The plans for properties built in the Bosnian Krajina (frontier region) often bear the names of the Provincial Government’s most prominent architects: Josip Vancaš, Ludwig Huber, Rudolf Tönnies, Franz Blažek, Karel Pánek and others. At that time, most construction activity was centred on buildings in county or district towns and cities, administrative buildings and law courts, but also religious edifices, especially churches, and commercial-cum-residential properties, which went up as the streets and town centres were regulated. Another important building activity was the construction of schools – primary, secondary and grammar schools, and of banks and post offices. In Bihać, even though a postal service had been established in 1867, during the Ottoman period, a new post office was built, followed in 1911 by a hydro power plant, when the town was electrified. By 1900 part of the town had already been provided with a sewerage system, and mains water was installed in 1907.

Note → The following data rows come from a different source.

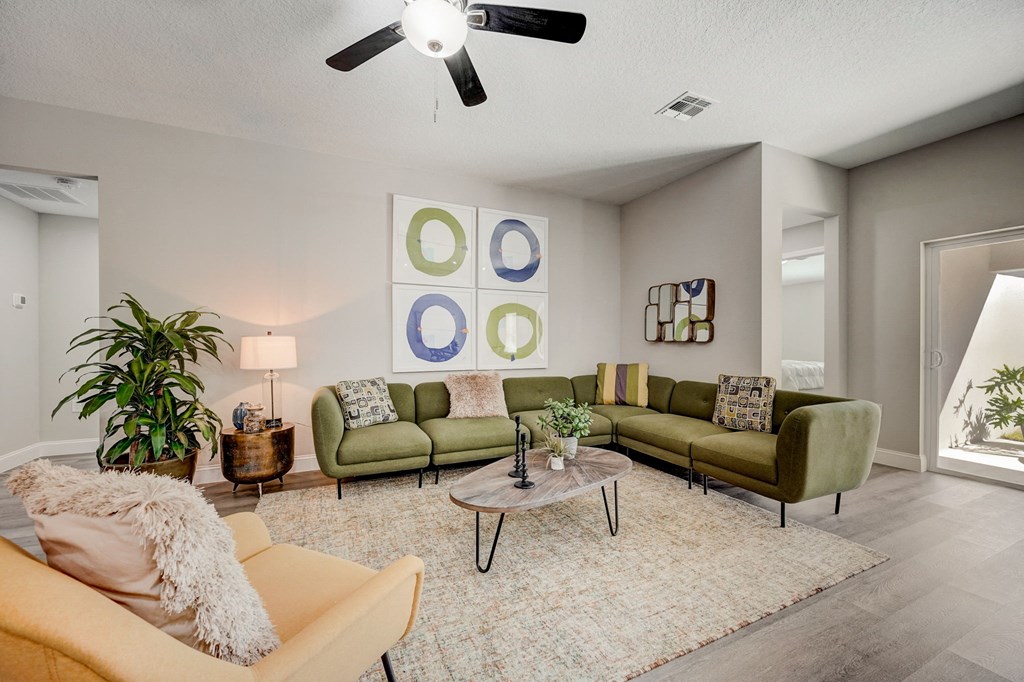 Large living room with a ceiling fan at The Groves at Lake Ella in Lady Lake, Florida, a pet-friendly rental community.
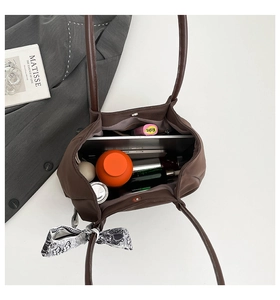 Macro view of a coffee brown tote bag's spacious interior showing laptop and daily essentials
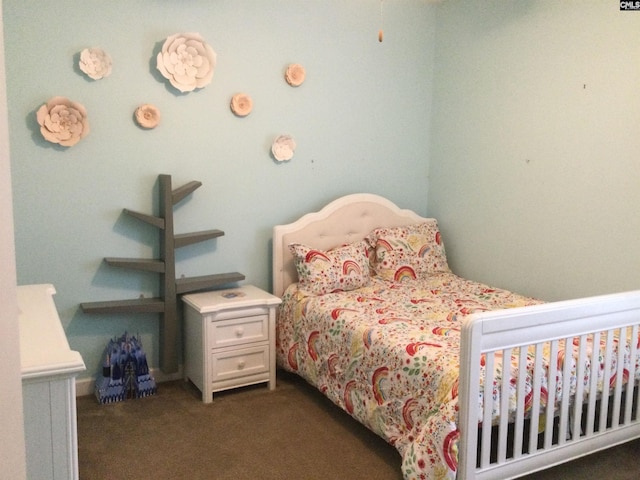 bedroom featuring dark carpet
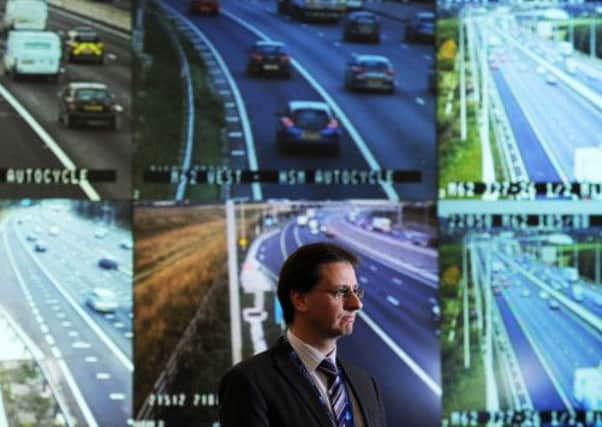 Highways Agency Project manager David Pilsworth in front of the screens showing the upgraded M62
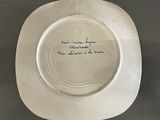 a white plate with writing on it on a table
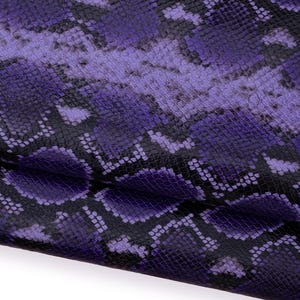 May include: Close-up of a textured material with a snakeskin pattern. The design features shades of purple and black, creating a visually striking and detailed surface. The pattern is consistent throughout the material.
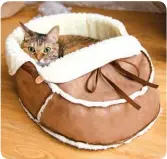  ?? ?? Inspired by shoehuggin­g pets everywhere, the Sherpa Moccasin Pet Bed from Napping
JoJo provides your kitty a luxury spot to dream in, and is sure to bring a joyful touch to your home as well! NappingJoj­o.com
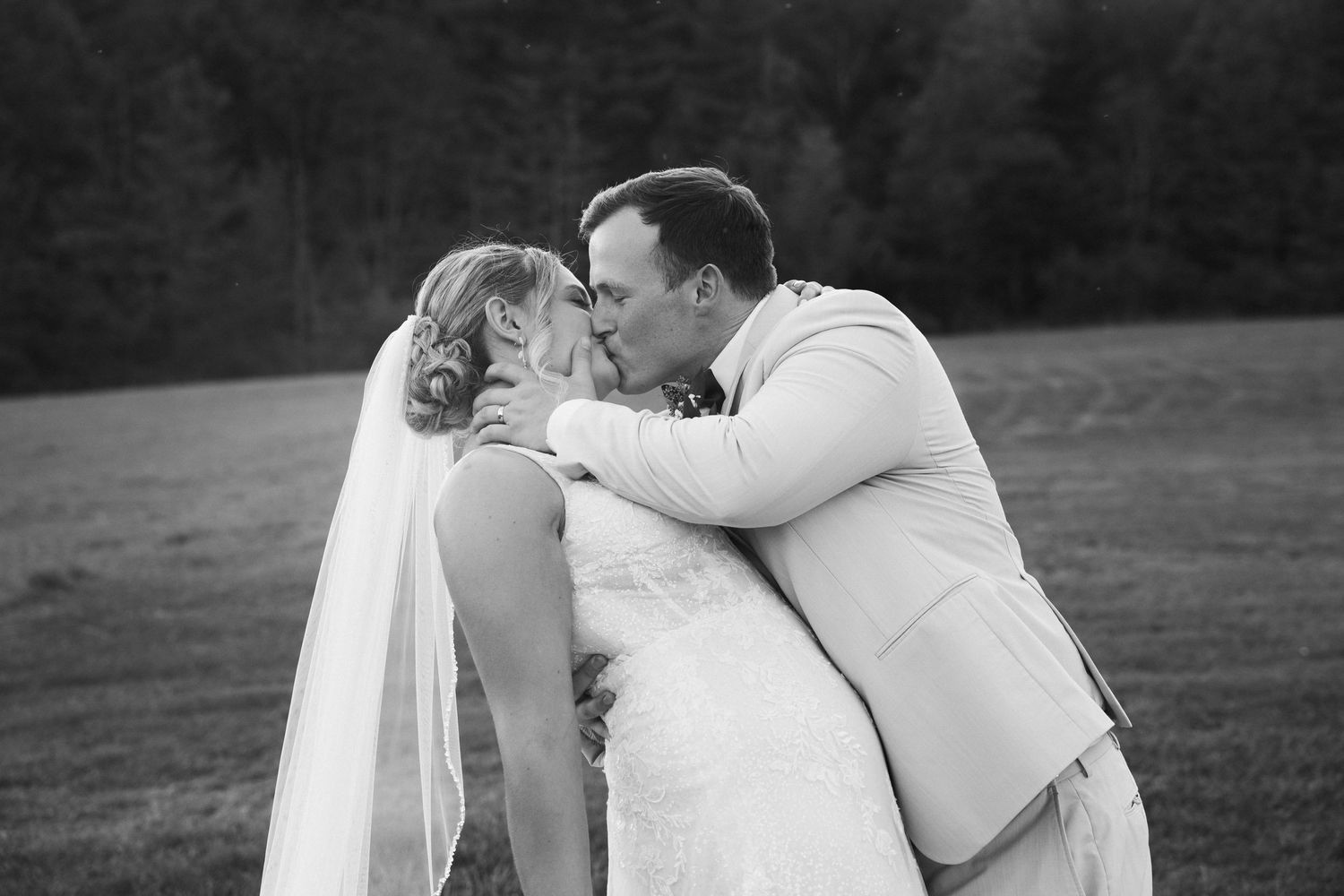 Bride and groom sharing romantic kiss in black and white wedding photo in scenic outdoor field.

Among the first edifices to be built by the Austro-Hungarian authorities were local government headquarters. In Bihać, and also in Ključ, the Konak was adapted for that purpose. The building was in the pseudo-Moorish style, but has lost almost all its decoration over the years.

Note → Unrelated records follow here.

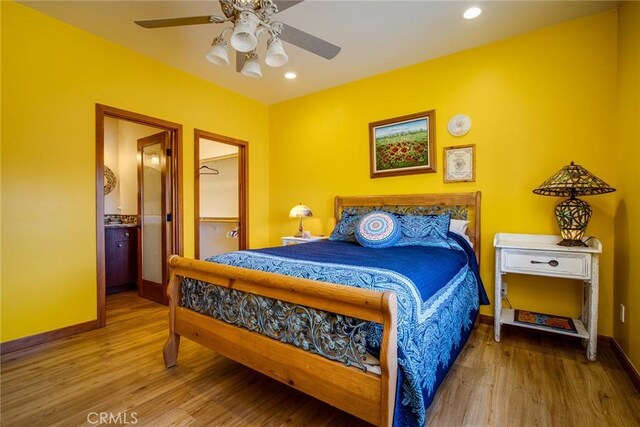 bedroom featuring wood-type flooring, ceiling fan, and ensuite bathroom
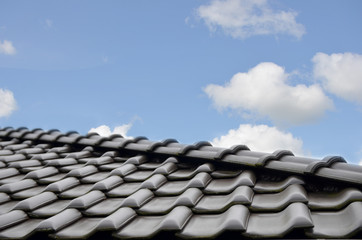 Close up of dark brown ceramic tile roof against blue sky. Copy space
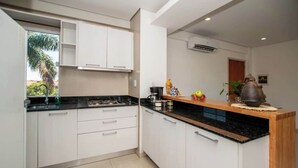 A kitchen with white cabinets, a black countertop, and a wooden island. - Corporate Stays Edificio Pilar - N2A1 (Asunción)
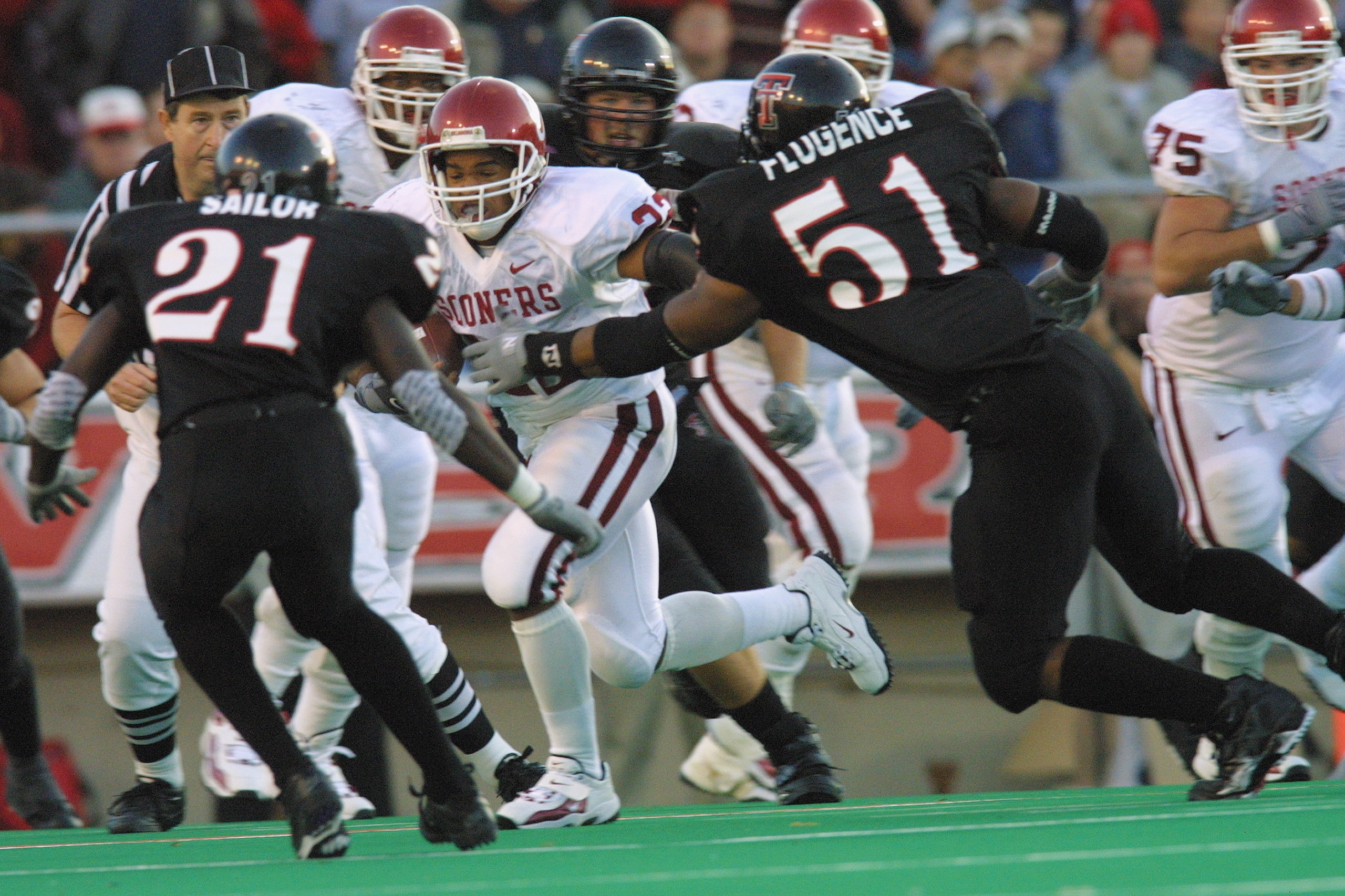 LUBBOCK, TX - NOVEMBER 17:  Running back Quentin Griffin #22 of  Oklahoma runs with the ball while being defended by Ricky Sailor #21 and Lawrence Flugence #51 of Texas Tech during the game on November 17, 2001 at Jones SBC Stadium in Lubbock, Texas.  The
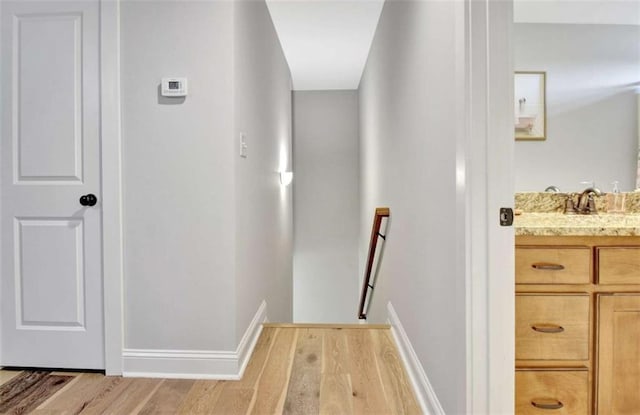 corridor with light wood-style floors, baseboards, a sink, and an upstairs landing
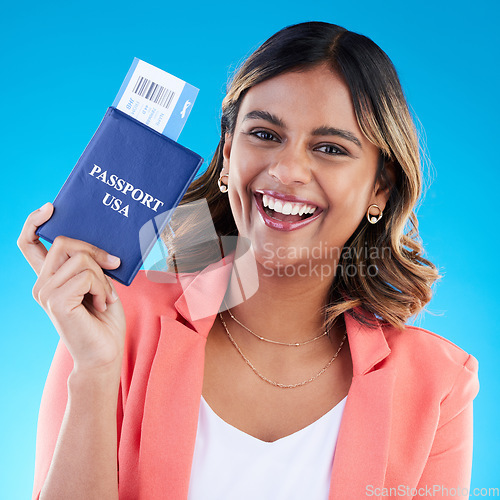 Image of Passport, excited and woman portrait isolated on blue background for USA travel opportunity, immigration or holiday. Identity documents, flight ticket and happy face of young indian person in studio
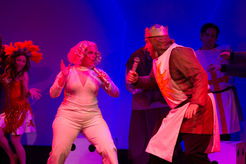 a woman singing into a microphone next to a man in a knight costume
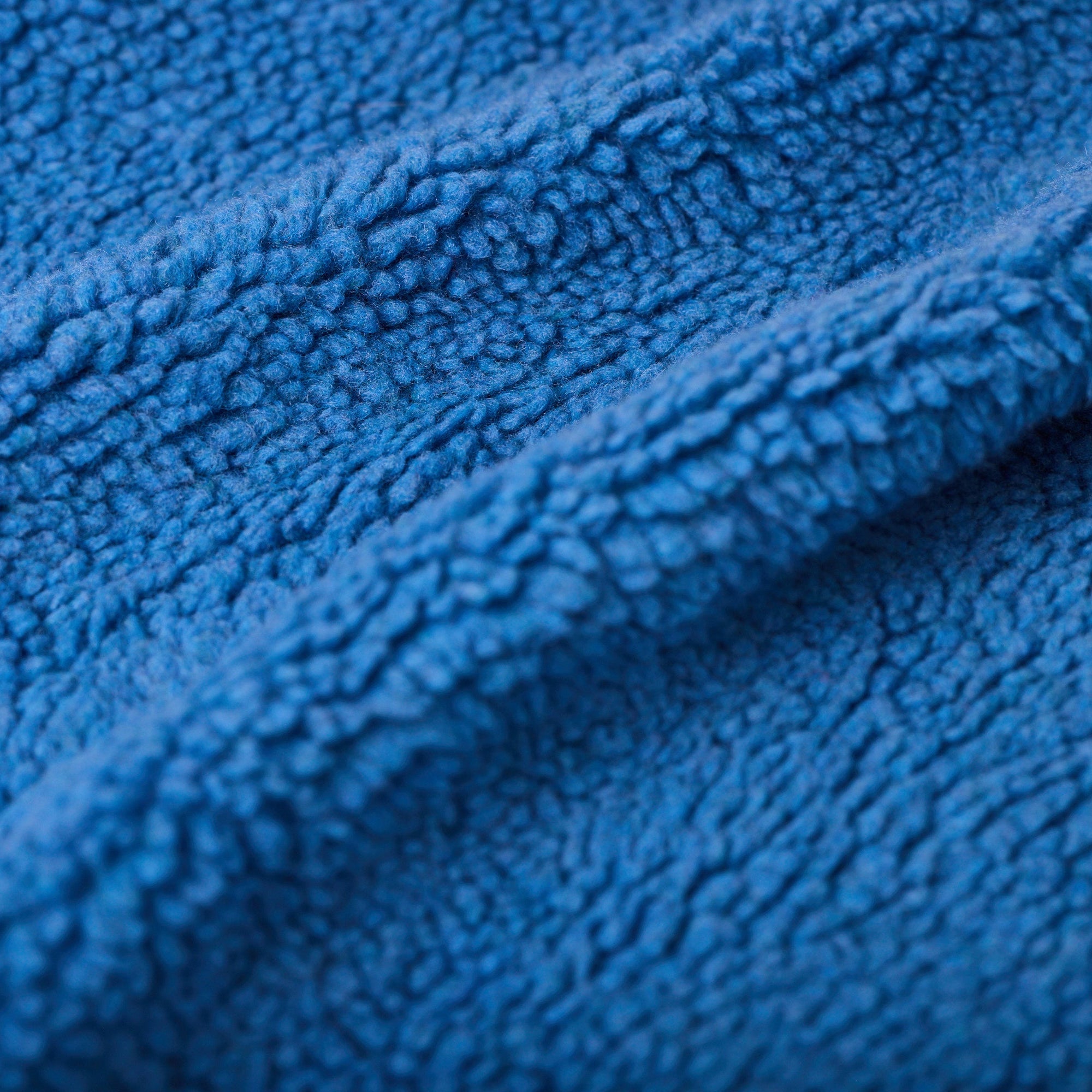 Close-up of the sherpa fleece top of the Colorado Sky colored My Place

The Law Court in Bihać was built in 1906, and in 1909 plans were laid to build a Town Hall to a design by Rudolf Tönnies, but this came to nothing. At first the Captain’s Tower was converted into a prison, but later, in 1910, a new prison was built. Council offices housing the administration were built in all the larger towns in the Bosnian Krajina. A representative building of this kind in the neo-Renaissance style was built in Cazin, while slightly less ambitious council offices in the Secessionist style were built in Bosanski Petrovac and Bosanska Krupa.

The architect Josip Vancaš designed the Lesser Grammar School in Bihać, to which an additional storey was soon added, making it the Greater Grammar School. In addition, a secondary commercial school was built, followed by a Ruždija [high school] and a Medresa. The grammar school and secondary commercial school were in the neo-Renaissance style, and the Ruždija and Medresa in the pseudo-Moorish style.”(2)

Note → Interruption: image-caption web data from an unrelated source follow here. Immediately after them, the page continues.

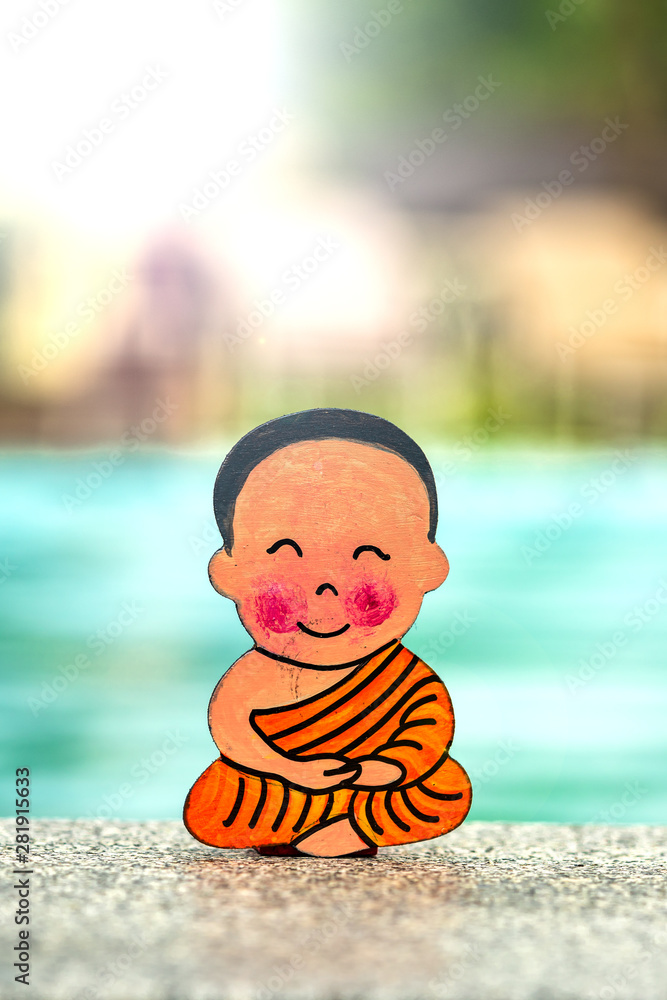 Little boy Buddhist, little Buddha, sitting on the sand by the pool at the hotel. Rejoice and smiles in the Lotus position. Meditation and relaxation.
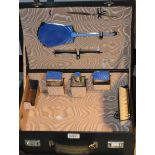 A Walker and Hall silver plated and blue guilloche enamel travelling vanity set,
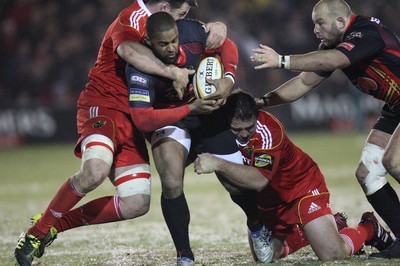 26.11.10...Newport Gwent Dragons v Munster, Magners League -  Dragons' Aled Brew is wrapped up by the Munster defence 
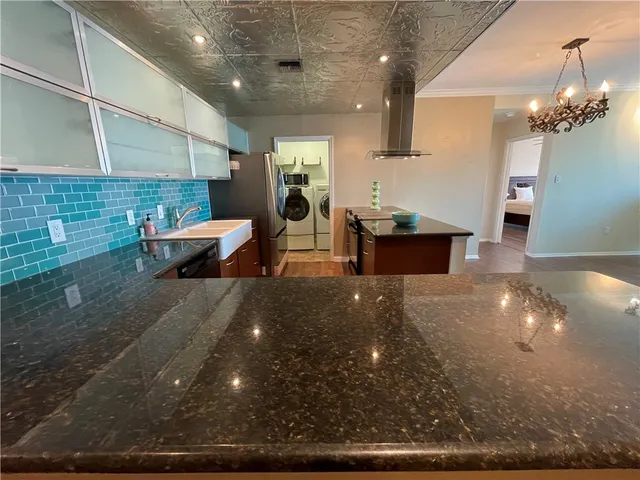 a room with granite countertop furniture and a sink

The Civil Engineering Office, now the headquarters of Krajina Roads, Bihać, was built in 1916 to a design by Ludwig Huber(3). Since 1962 it has been in use as the headquarters of Krajinaputevi d.d. of Bihać(4).

 

2. Description of the property

The building erected for the Civil Engineering Office in Bihać has a lower ground floor/cellar(5), ground floor and first floor, and an outside terrace by the west façade, with an area of 42 m2, functionally forming part of the restaurant and beer cellar on the lower ground floor.

The building was designed with a symmetrical rectangular ground plan, with a footprint of approx. 7.37 m wide x 22.74 m long, accentuated by a wide projection on the east façade of approx. 1.15 x 14.75 m. Vertically, the design is asymmetrical, with a turret topped by a neo-Baroque onion dome at the south-east corner and a first-floor balcony at the north-east corner.

A double-flight stone staircase in the south-east corner of the building links the storeys. The stairwell measures approx. 2.8 x 6.35 m on the inside, and the steps are approx. 1.25 m wide (with 12 risers of 18 cm high, and 11 treads 28 cm deep). The staircase has no “mirror space” [sic – landing?]; there is a wall face of approx. 30 cm in width between the flights. The staircase is located at the southern end of the corridor, and runs from basement to first floor with an opening into the roof space.

The basement/lower ground floor houses a restaurant with a beer cellar, kitchen and service quarters above the original ground floor; the lower ground floor of the annex to the building contains offices. The basement ceiling is approx. 2.75 m high. The transverse walls of the basement, which are approx. 50 cm thick and 7.12 m long, are pierced by openings of approx. 2.35 x 4.12 m topped by shallow arches with a span of approx. 4.12 m and a rise of approx. 1.00 m.

Structurally, the ground floor has longitudinal bearing walls approx. 50 cm thick; in layout, it consists of a wing and half-wing. To the east, facing the street, are four offices in a wing approx. 5.00 m deep; to the west, the half-wing contains a corridor. A conference room of approx. 3.95 x 6.37 m is located at the northernmost end of the building.

The annex has four small ground-floor offices, a passage and a toilet block.

The layout of the first floor is almost identical to the ground floor, except for the balcony at the north-east corner of the building, which measures approx. 1.88 m x 4.50 m wide. In the annex, two small offices and the corridor have been converted into a single larger office. The toilet block is in the same position.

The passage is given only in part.